Questionado se o material estava estragado, o artista respondeu o seguinte. “Não diria que estava exatamente estragado. O que acho que aconteceu, tendo lidado corpo a corpo com o material, que veio em 5 tonéis, foi que cada um deles estava em diferente estágio de maturação. Esse material industrialmente é utilizado, dentre outras coisas, na fabricação de sabão e outros cosméticos. A maioria dos tonéis tinha uma consistência intermediária entre gordura e sabão, e a cor mais clara. Um deles em específico era mais escuro, mole, gorduroso e tinha o cheiro mais forte. Era possivelmente mais novo no estoque do fornecedor, tendo reagido menos ao processo químico da clarificação”, explica.

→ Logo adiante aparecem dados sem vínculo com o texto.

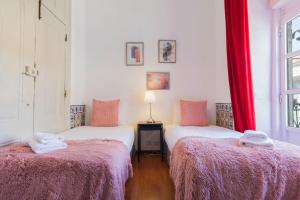 A bed or beds in a room at Charming Chiado 2Bedr W/Balcony and View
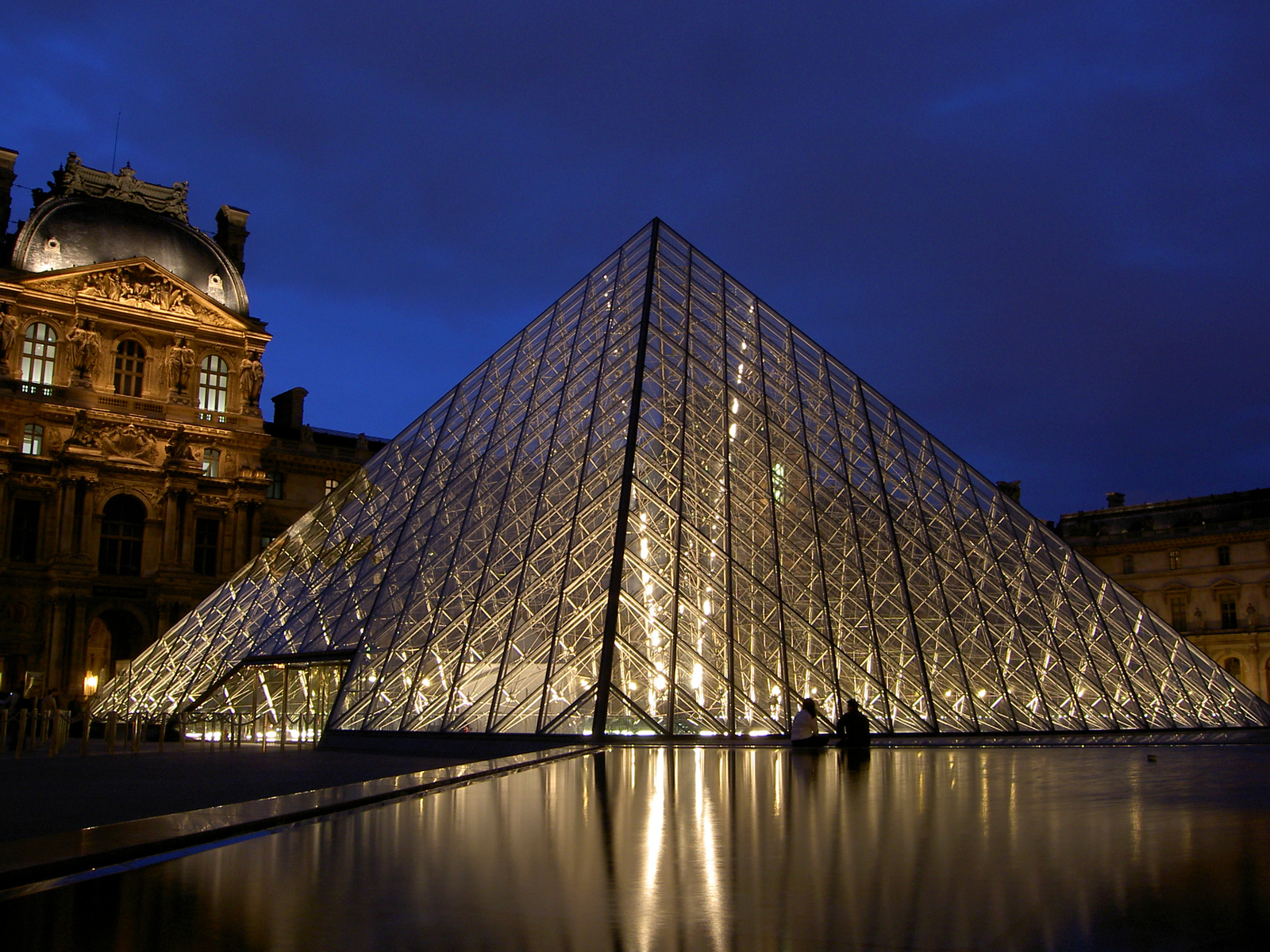 louvre + biztos szerelmesek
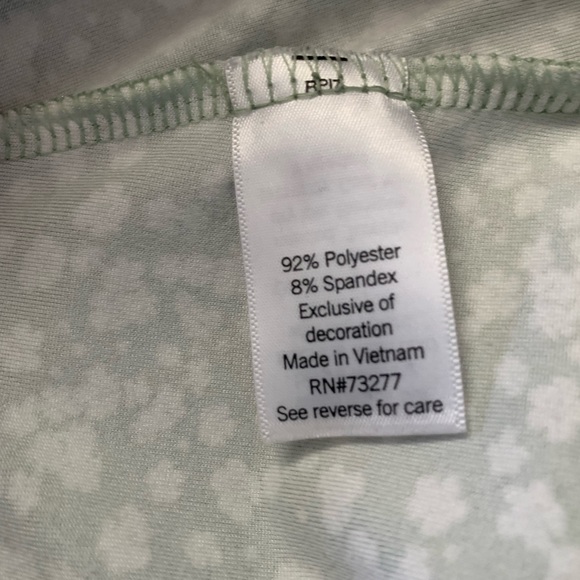 Knee Length Dress Green with White Flowers Size Large - Picture 4 of 4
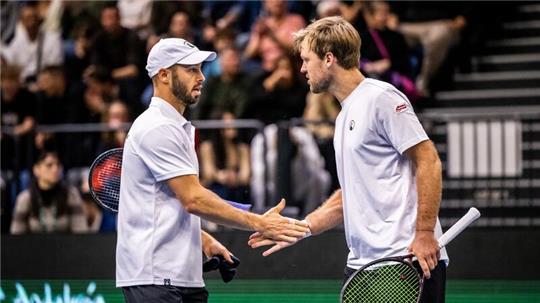 Tim Pütz (l) und Kevin Krawietz dürfen sich über den Einzug in das erste gemeinsame Grand-Slam-Finale freuen.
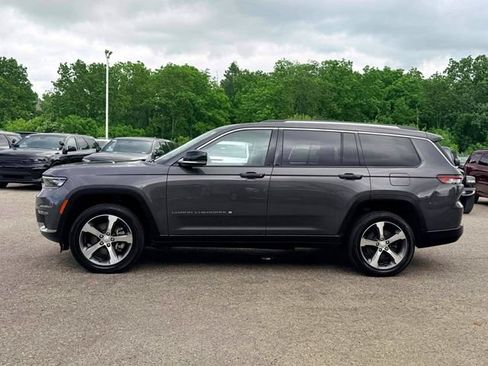 Used 2023 Jeep Grand Cherokee L Limited w/ Trailer Tow Group (B) AWD/4WD image 8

O fato é que a performance foi encerrada prematuramente por conta do cheiro desse material. “Infelizmente sim”, lamenta o artista. “Depois de uma longa negociação com a equipe da Trienal, eles não nos ofereceram nenhuma alternativa se não a retirada do material, muito embora nós não concordássemos com essa medida. Não tínhamos outra opção, de modo que propusemos registrar a ação da retirada e projetar esse vídeo no espaço expositivo, junto com um texto que escrevemos sobre o ocorrido, convertendo o trabalho em, essencialmente, uma crítica institucional. Essa proposta, embora também acordada nas negociações, também foi barrada. O SESC alegou que os funcionários que fizeram a retirada do material não queriam mais aparecer, o que considerei bastante estranho (e conveniente aos SESC), pois havia conversado pessoalmente com todos eles anteriormente e inclusive oferecido a possibilidade de preservar suas identidades no vídeo. É desse material que foram retirados os frames que a Jota Mombaça trabalha na edição 38 da seLecT”, conta Miro Spinelli.

A artista Jota Mombaça, que foi uma das performers de Gordura Trans #16, incluiu essas imagens na curadoria de obras de artistas trans que preparou para a revista seLecT que está nas bancas.